Autre levier, à mon sens, de la montée du Bourguibisme est cette charge affective envers l’œuvre et la personne de Bourguiba. Une nostalgie et un sentiment de culpabilité trahissent ces “pèlerins” de son mausolée érigé à Monastir, sa ville natale. Ils comptent par milliers ce 6 Avril 2011.

Ces nostalgiques sont surtout ceux qui ont côtoyé le Président Bourguiba et l’ont accompagné dans l’édification du nouvel Etat tunisien. Ce sont, les mêmes, qui ont animé et contribué à cette effervescence d’idées, de tous bords, qui a secoué et la société et la génération de l’indépendance. Mais, ils sont, aussi, ceux qui ont vécu toutes les dérives et le déclin de Bourguiba. Et cette fin les hante car, impuissants ou lâches, ils l’ont laissé tomber.

Quant aux inconnus, nombreux, ils plongent dans l’ère bourguibienne comme pour comprendre comment la Tunisie a basculé dans le règne de la médiocrité 23 ans durant.
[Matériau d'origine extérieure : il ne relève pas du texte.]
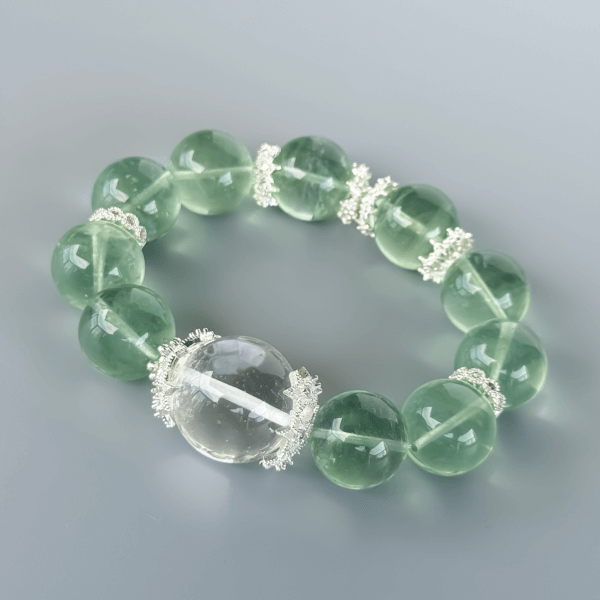 Green Fluorite Crystal Bead Bracelet with silver accents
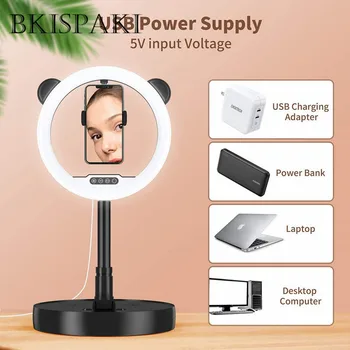 

Video Light Dimmable LED Selfie Ring Light USB ring lamp Photography Light with Phone Holder Table stand for Makeup Youtube G2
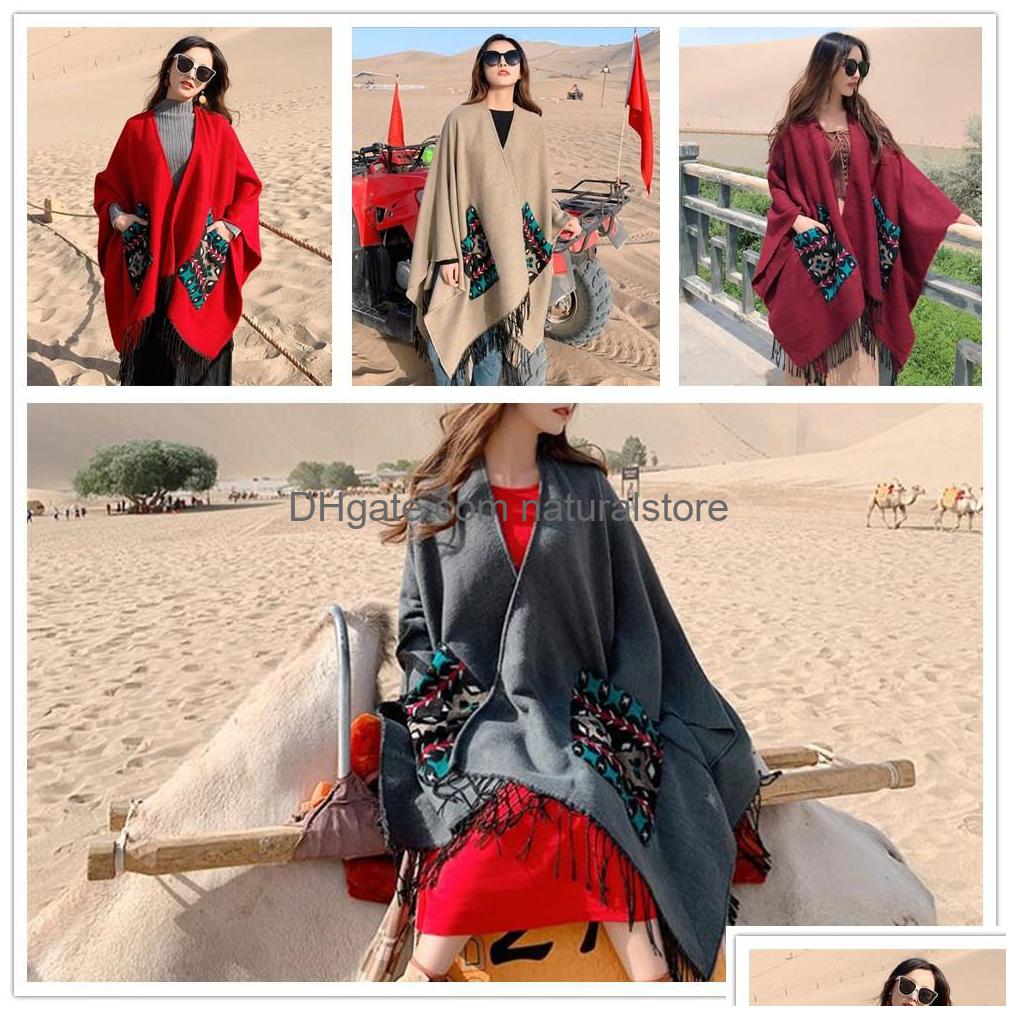 

Shawls Shawl For Winter Women Furled Mimics Cashmere Thicken Tassels Cloak Lady Warm Long Solid Scarf Scarves With Pockets Drop Deli Dhyra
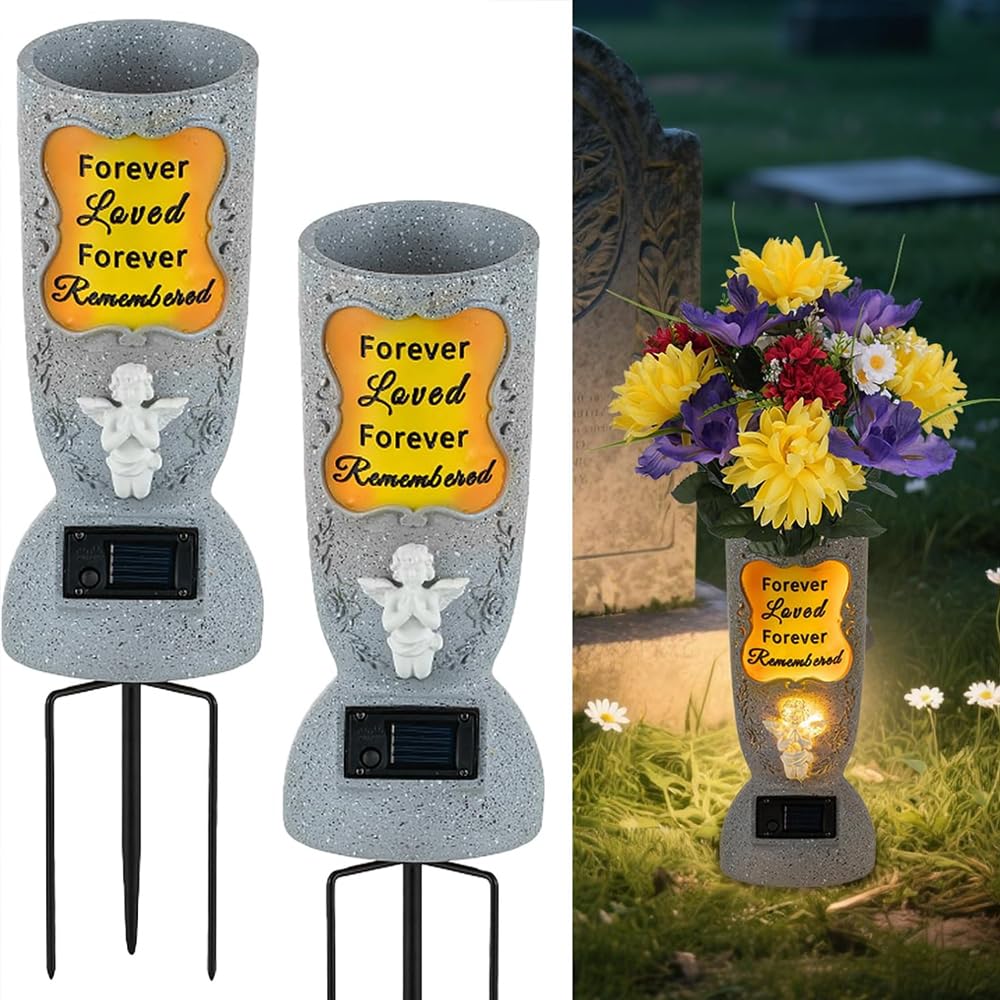 Solar Cemetery Grave Vase: -Sympathy Funeral Gift Tributes for Cemetery & Garden Memory Sign for Loss of Loved One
Le besoin de nier le Benalisme…

Autre raison possible est que Bourguiba est présenté, le plus souvent, comme étant le contre exemple de Ben Ali. Car tout, ou presque, les oppose. D’une part, un bâtisseur, cultivé, intègre et ayant le sens de l’Etat. De l’autre, un pilleur, chef de réseaux occultes sans scrupules, ignorant et transgressant toutes les lois de la République.

Une frange de tunisiens s’identifie dans le “Zaïm” Bourguiba, partageant ses valeurs et défendant son œuvre. Niant, ainsi, toute une phase de leur histoire celle de Ben Ali qui est, désormais, l’incarnation du mal, infréquentable et impardonnable.

Quant à Bourguiba, et même pour ses abus et son pouvoir absolu, on lui trouvera des circonstances atténuantes. Son actif plaide en sa faveur. La modernité, les droits de la femme, l’éducation … ne lui sont-ils pas attribués ?

L’opportunisme politique…

La raison la plus sordide est, peut être, celle-ci. Rallier le Bourguibisme et s’approprier son héritage politique pourraient “sauver la face” tel est le mot d’ordre de certains opportunistes. Leur motivation n’est que politicienne. En se démarquant de l’ère Ben Ali, ils étaient pourtant complices, ils essaient de retrouver une virginité, une position dans le nouveau paysage politique qui leur garantira, qui sais-je, une impunité tant recherchée…

Leur opportunisme sera, très vite, mis à nu et leurs basses manœuvres seront vaines.

Aussi, attribuons-nous, cette recrudescence des appels en faveur du Bourguibisme à la désertification de la scène politique, actuelle, œuvre préméditée de l’ancien dictateur.